Oferecer roupa ou acessórios pode ter a sua utilidade, mas também pode ser apenas mais uma forma de reforçarmos a vaidade. Hoje preocupamo-nos pouco com a vaidade infantil, e até a estimulamos. Associada à vaidade vem aquilo a que os psicólogos já chamam de “erotização da infância”. Uma das atitudes mais comuns no Facebook é a colocação de “likes” em fotos que não mostram nada a não ser a própria pessoa numa nova pose. “Que bonita!” “Que sexy!” “Que rapariga gira!” Será mesmo este o caminho para desenvolver a autoestima dos nossos filhos, num mundo cada vez mais obcecado com as aparências?
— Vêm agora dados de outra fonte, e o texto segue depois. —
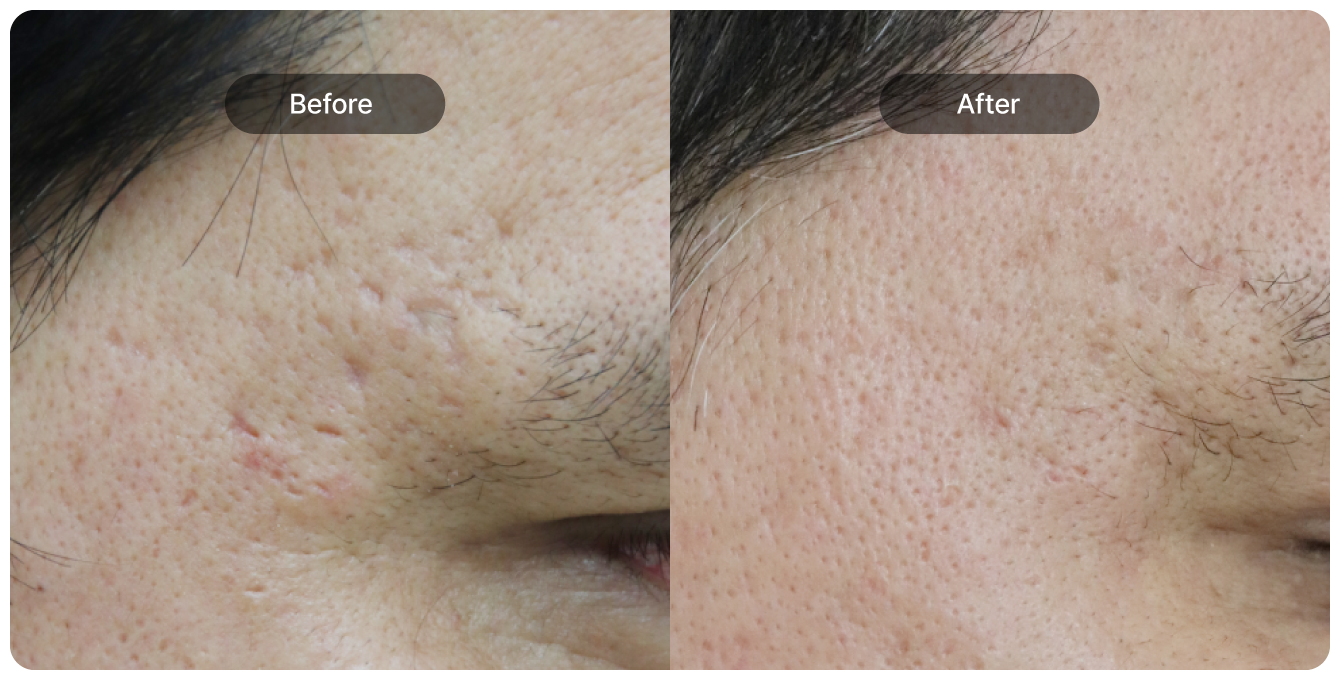 영구적인 치료 효과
Recordo aqui uma passagem da autobiografia de Santa Teresinha, escrita para a sua irmã mais velha, na altura sua “Madre” em religião:
“Lembro-me de que, enquanto passeávamos na praia, um senhor e uma senhora viram-me correr alegremente à volta do papá e, aproximando-se, perguntaram se eu era dele e disseram que eu era uma menina muito bonita. O papá respondeu-lhes que sim, mas apercebi-me que lhes fez sinal para não me elogiarem… Era a primeira vez que ouvia dizer que era bonita, o que me agradou muito, pois eu não me julgava tal. Vós, minha madre, estáveis muito atenta a que ao pé de mim não houvesse nada que pudesse manchar a minha inocência, sobretudo, a não me deixar ouvir nenhuma palavra capaz de insinuar a vaidade no meu coração.”
Talvez nos choque este excesso de zelo. Mas estes pais zelosos criaram uma família de santos. Nós enaltecemos a vaidade, os pais de santos enaltecem a modéstia. Quem é que hoje fala em modéstia? Que o excesso destes pais nos faça abrandar um bocadinho no nosso excesso contrário.
Fica então a pergunta: que presentes oferecer aos filhos no Natal, quando já passou o tempo das bonecas ou dos carrinhos e ainda não chegou o tempo para ajudar com a carta de condução ou a viagem de finalistas? Que forma encontrar para, no Natal, oferecermos um presente que não afaste os nossos filhos do verdadeiro Presente, o Menino nas palhinhas? Que privilegie os mesmos sentimentos e valores do Presépio? Que não valha pelo valor material, mas pelo que possibilita de abertura ao outro e a Deus e de descoberta dos seus próprios talentos divinos?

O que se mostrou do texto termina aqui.